How do you write a progress note?

Commonly asked questions

How do you write a progress note?

To write a practical progress note, start with the patient's identifying information, followed by the date and time of the encounter. Summarize the patient's current symptoms, changes since the last visit, and relevant vital signs such as temperature, blood pressure, and other data. Document the assessment, including any diagnoses or problems being addressed, and outline the care plan, including any new medications, treatments, or referrals. Conclude the note with your signature, credentials, and the total time spent with the patient.
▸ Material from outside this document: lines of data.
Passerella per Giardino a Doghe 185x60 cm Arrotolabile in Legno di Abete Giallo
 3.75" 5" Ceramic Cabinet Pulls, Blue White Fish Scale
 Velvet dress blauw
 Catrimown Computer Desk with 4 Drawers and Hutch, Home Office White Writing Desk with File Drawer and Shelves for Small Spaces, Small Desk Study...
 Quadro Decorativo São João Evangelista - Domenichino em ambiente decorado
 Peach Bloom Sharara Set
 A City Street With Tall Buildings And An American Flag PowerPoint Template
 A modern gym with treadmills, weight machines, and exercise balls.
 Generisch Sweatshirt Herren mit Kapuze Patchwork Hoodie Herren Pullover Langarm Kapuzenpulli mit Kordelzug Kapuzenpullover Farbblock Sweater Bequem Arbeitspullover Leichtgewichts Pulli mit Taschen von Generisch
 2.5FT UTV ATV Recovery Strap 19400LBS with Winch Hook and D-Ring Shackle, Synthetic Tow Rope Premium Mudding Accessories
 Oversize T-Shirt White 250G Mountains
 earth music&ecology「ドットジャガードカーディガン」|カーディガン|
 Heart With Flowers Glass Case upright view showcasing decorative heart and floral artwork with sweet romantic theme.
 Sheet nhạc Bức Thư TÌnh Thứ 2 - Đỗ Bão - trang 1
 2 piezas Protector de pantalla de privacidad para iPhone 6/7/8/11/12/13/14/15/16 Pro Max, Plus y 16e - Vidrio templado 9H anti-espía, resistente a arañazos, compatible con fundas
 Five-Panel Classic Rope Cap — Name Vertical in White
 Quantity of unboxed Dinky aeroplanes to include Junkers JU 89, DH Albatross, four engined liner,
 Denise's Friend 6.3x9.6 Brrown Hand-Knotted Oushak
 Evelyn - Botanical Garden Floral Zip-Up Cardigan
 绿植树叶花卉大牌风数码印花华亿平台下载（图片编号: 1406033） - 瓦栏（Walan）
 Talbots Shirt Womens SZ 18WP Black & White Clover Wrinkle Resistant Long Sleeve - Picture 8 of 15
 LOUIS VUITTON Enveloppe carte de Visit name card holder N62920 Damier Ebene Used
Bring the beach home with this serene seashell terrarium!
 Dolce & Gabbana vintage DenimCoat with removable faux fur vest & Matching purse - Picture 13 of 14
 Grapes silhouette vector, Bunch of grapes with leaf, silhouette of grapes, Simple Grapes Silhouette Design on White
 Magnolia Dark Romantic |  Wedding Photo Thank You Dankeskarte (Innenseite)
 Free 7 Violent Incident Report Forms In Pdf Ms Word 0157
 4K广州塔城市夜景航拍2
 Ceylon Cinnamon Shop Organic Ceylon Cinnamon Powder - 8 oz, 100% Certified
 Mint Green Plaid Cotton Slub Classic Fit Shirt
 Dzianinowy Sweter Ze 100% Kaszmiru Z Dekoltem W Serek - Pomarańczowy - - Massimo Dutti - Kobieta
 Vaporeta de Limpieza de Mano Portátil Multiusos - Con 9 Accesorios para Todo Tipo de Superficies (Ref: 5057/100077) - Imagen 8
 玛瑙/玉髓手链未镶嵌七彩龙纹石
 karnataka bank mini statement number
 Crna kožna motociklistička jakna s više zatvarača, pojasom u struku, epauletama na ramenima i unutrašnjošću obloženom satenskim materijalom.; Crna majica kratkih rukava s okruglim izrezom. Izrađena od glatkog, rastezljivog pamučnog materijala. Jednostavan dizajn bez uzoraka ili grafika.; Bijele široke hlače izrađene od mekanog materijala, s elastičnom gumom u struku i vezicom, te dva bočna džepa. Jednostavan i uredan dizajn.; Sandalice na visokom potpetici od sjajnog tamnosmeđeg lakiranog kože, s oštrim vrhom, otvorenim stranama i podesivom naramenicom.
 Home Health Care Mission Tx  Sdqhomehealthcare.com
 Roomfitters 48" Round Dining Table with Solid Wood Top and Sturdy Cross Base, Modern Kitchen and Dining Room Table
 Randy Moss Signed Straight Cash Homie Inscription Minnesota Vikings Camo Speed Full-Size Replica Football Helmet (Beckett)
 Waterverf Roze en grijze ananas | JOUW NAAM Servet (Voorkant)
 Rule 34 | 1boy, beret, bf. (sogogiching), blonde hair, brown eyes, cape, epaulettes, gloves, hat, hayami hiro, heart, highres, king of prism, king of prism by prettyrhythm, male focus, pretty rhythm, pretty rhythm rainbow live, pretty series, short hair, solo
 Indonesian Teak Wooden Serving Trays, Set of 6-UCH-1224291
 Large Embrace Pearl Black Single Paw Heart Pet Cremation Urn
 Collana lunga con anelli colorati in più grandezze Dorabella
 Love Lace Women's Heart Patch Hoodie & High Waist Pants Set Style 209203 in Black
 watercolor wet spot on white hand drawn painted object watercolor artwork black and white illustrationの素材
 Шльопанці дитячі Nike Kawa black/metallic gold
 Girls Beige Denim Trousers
What is the SOAP progress note method?

The SOAP progress note method is widely used for documenting patient encounters. It consists of four sections: Subjective, Objective, Assessment, and Plan. The Subjective section includes the patient's chief complaint and relevant subjective information. The Objective section contains physical exam findings, vital signs, laboratory results, and other objective data. The Assessment section summarizes the clinical impression, including diagnoses or problems being addressed. The Plan section outlines the proposed treatment plan, including new medications, therapies, referrals, or follow-up instructions.

How to write SOAP notes quickly?

To write SOAP notes efficiently, familiarize yourself with the SOAP format and practice using it regularly. Judiciously utilize templates, abbreviations, and medical terminology, and focus on capturing essential details while avoiding unnecessary information. Consider using voice-to-text software or dictation services to speed up the note-writing process. Review and edit your notes before finalizing them to ensure accuracy and completeness.